The radio operator didn’t like me. She worked the switchboard down in town for my shortwave, which was how people got in touch with me back in the late-1980s. There was no electricity up here then, no telephones, no nothing. Friends dialed the radio dispatcher’s number, and she rang me up on the radio. She was a severe churchgoing lady, severe even by standards in western Montana.

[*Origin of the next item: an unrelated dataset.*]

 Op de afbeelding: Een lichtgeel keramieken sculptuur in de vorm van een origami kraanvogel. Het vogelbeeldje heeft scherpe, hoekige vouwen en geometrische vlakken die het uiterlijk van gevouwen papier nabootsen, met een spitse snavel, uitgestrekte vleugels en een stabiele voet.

The radio wasn’t like a telephone call. People back in New York, or wherever they were calling from, thought that it was, because they were on a telephone—but out here, on the Canadian border, up in the trees and mountains, it was like a live talk show. Everybody in western Montana could hear our conversation, which was broadcast over the radio, and during the short winter days, the long winter nights, that was what a good number of the folks up here ended up doing—monitoring each other’s shortwave calls to hear all the dirt, to get all the juice. The radio dispatcher didn’t like me because my callers were often drunk and used coarse language; and I was too shy to tell them, my callers, that they were on the air—and besides, with many of my friends—so wild!—this would only have inspired them to further profanity, so I quivered and winced, imagining the church-lady operator listening, imagining my neighbors listening, imagining, in bouts of winter paranoia, the FBI and the FCC listening, taking notes—and I, as well as all of western Montana, listened to Mark Richard saying, “I watched her in the mirror as she straddled me from above” and another writer friend’s less ethereal descriptions, “I dreamed of doing it with savage pork-chop strokes, Rick.”

And why they told me these things in the first place, I didn’t know—I didn’t ask to hear them—neither did the church lady—though perhaps that’s why; perhaps the callers thought, “Why, let’s call up Bass and make him squirm”—but I was too shy to tell them, Please, stop it, and so I, and the operator, listened to Gordon Lish use the f-word like water, when he was on the radio calling to tell me about some new development, as enthusiastic as a twister—“Bass,” he said, “you’ve got to read this, it’s fanfuckingtastic, you’ve fucking got to fucking read this fucking book”—and the church lady didn’t even clear her throat. I trembled at some of the things she had to listen to, and I wouldn’t have blamed her for holding it against me, but I never dreamed of saying anything to any of the callers. All my life, I’d been shy, and I wasn’t about to change that.